◆ TASK DETAILS ◆
Would you reproduce the entries exactly, including every line?

Top of INFORMATION SHOWN

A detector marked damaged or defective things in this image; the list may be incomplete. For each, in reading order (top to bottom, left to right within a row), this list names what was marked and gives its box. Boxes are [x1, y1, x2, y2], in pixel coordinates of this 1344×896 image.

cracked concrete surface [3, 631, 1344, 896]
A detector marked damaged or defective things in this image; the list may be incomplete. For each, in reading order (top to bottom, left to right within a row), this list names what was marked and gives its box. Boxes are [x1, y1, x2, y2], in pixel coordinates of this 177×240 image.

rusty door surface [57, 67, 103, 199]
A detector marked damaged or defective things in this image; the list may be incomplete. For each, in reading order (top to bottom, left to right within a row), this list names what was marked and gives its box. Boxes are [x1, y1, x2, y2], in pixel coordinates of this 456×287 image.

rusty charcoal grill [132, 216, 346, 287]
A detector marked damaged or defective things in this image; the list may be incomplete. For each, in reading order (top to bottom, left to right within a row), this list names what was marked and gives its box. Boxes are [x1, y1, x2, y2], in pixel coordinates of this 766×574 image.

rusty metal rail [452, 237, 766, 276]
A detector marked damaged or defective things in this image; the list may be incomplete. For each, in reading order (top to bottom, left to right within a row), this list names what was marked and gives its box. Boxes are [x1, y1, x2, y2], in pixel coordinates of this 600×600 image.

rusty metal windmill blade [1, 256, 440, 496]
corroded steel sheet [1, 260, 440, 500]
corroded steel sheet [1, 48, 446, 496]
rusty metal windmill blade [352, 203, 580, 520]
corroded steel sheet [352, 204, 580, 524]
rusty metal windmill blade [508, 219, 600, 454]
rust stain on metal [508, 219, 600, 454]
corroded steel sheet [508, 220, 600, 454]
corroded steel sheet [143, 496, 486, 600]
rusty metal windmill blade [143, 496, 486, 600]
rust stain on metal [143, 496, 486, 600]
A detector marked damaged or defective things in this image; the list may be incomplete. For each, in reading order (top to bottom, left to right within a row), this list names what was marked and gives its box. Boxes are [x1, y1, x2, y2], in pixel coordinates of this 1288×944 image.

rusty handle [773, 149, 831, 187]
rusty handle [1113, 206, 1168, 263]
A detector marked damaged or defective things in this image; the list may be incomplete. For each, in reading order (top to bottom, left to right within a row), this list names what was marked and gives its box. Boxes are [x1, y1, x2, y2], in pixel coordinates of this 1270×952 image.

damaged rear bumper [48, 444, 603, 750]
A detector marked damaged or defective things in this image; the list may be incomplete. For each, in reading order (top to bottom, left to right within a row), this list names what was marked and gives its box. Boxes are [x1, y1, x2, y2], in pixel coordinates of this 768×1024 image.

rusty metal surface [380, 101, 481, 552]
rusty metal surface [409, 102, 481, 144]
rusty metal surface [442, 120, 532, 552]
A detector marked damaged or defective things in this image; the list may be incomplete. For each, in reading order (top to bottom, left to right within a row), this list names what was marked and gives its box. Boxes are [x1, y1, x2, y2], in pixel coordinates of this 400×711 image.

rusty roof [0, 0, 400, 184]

Bottom of INFORMATION SHOWN

◆ EXERCISE RESULT ◆
A detector marked damaged or defective things in this image; the list may be incomplete. For each, in reading order (top to bottom, left to right within a row), this list names what was marked and gives its box. Boxes are [x1, y1, x2, y2], in pixel coordinates of this 1344×896 image.

cracked concrete surface [3, 631, 1344, 896]
A detector marked damaged or defective things in this image; the list may be incomplete. For each, in reading order (top to bottom, left to right within a row), this list names what was marked and gives its box. Boxes are [x1, y1, x2, y2], in pixel coordinates of this 177×240 image.

rusty door surface [57, 67, 103, 199]
A detector marked damaged or defective things in this image; the list may be incomplete. For each, in reading order (top to bottom, left to right within a row), this list names what was marked and gives its box. Boxes are [x1, y1, x2, y2], in pixel coordinates of this 456×287 image.

rusty charcoal grill [132, 216, 346, 287]
A detector marked damaged or defective things in this image; the list may be incomplete. For each, in reading order (top to bottom, left to right within a row), this list names what was marked and gives its box. Boxes are [x1, y1, x2, y2], in pixel coordinates of this 766×574 image.

rusty metal rail [452, 237, 766, 276]
A detector marked damaged or defective things in this image; the list may be incomplete. For each, in reading order (top to bottom, left to right within a row), this list names what was marked and gives its box. Boxes are [x1, y1, x2, y2], in pixel coordinates of this 600×600 image.

rusty metal windmill blade [1, 256, 440, 496]
corroded steel sheet [1, 260, 440, 500]
corroded steel sheet [1, 48, 446, 496]
rusty metal windmill blade [352, 203, 580, 520]
corroded steel sheet [352, 204, 580, 524]
rusty metal windmill blade [508, 219, 600, 454]
rust stain on metal [508, 219, 600, 454]
corroded steel sheet [508, 220, 600, 454]
corroded steel sheet [143, 496, 486, 600]
rusty metal windmill blade [143, 496, 486, 600]
rust stain on metal [143, 496, 486, 600]
A detector marked damaged or defective things in this image; the list may be incomplete. For each, in reading order (top to bottom, left to right within a row), this list names what was marked and gives its box. Boxes are [x1, y1, x2, y2], in pixel coordinates of this 1288×944 image.

rusty handle [773, 149, 831, 187]
rusty handle [1113, 206, 1168, 263]
A detector marked damaged or defective things in this image; the list may be incomplete. For each, in reading order (top to bottom, left to right within a row), this list names what was marked and gives its box. Boxes are [x1, y1, x2, y2], in pixel coordinates of this 1270×952 image.

damaged rear bumper [48, 444, 603, 750]
A detector marked damaged or defective things in this image; the list may be incomplete. For each, in reading order (top to bottom, left to right within a row), this list names what was marked and gives its box. Boxes are [x1, y1, x2, y2], in pixel coordinates of this 768×1024 image.

rusty metal surface [380, 101, 481, 552]
rusty metal surface [409, 102, 481, 144]
rusty metal surface [442, 120, 532, 552]
A detector marked damaged or defective things in this image; the list may be incomplete. For each, in reading order (top to bottom, left to right within a row), this list names what was marked and gives its box. Boxes are [x1, y1, x2, y2], in pixel coordinates of this 400×711 image.

rusty roof [0, 0, 400, 184]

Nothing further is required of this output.